Back in Munich, Gobmeier was head-hunted by Audi to head up the Ducati MotoGP team and Husqvarna has been sold to Stefan Pierer, the man who controls the majority stake in KTM - and he is making noises about a Superbike racing venture.
But Pierer also has to turn Husqvarna around from the complete balls-up BMW made of it.
If he does that, his operation will continue to hose BMW as the Number One motorcycle manufacturer in Europe. Last year KTM outsold BMW by a few hundred units, but BMW counted 10,000 Huskies in its figures. So with another 10,000 or so added to the KTM sales, the Austrian company may pass 120,000 units this year.
BMW?
Yet another "strategic realignment."
In reply to In late July 2007, BMW by TheBaron
Very very interesting!
Top shelf comment there, Baron. Thanks for the insight!
So WSBK is going to move
So WSBK is going to move towards a cost effective, streamlined rule package that will effectively end any manu from buying a championship (through spending), which will give more riders a chance at the front and wins and make the rule spec closer to the domestic series? I'd say that is a big step in the RIGHT direction and BMW don't let the door hit your arse on the way out. The manus have been spending both series into oblivion. Bike sales aren't what they were, many countries around the globe still going through recessions. This is a good move and the racing is going to get better. The bikes on the showroom floors will get better. You may not see this as a win but it is, all the way around. It will be much easier to get sponsors when the admission price isn't so high. And if the bikes cost less to put on the grid, then that should leave some room for the most important people involved, the riders, to get some kind of pay increase or finally get paid to begin with instead of financing their own ride. I welcome it.
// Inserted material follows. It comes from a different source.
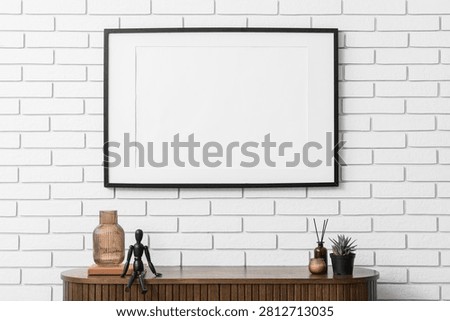 Horizontal black frame mockup on a white brick wall with a wooden cabinet and home decor items
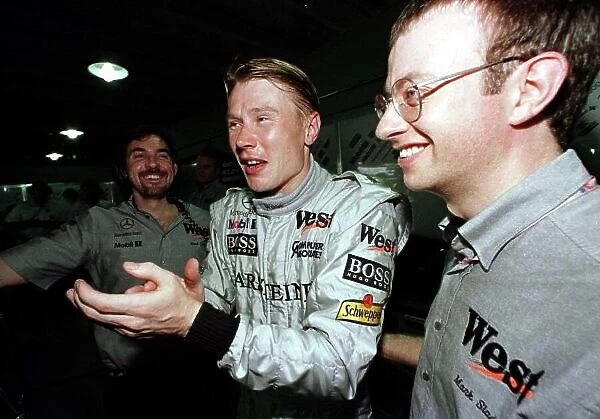 1998 BRAZILIAN GP. Mika Hakkinen, McLaren Mercedes, celebrates with his mechanics after securing his second successive pole position this year. Heading his team mate, David Coulthard into 2nd on the grid for the race in Sau Paulo. Photo: LAT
What's good for the bike racing fan, and what's good for the manu, rarely do both coincide with each other. The manus need to take a back seat to the fans. After all they are the ones who buy your products in the first place. It's time you started serving them first instead of yourselves.
I hope to see Marco on
I hope to see Marco on another factory bike next season and to see Manuela on Marco too :D (pls don't ditch him!)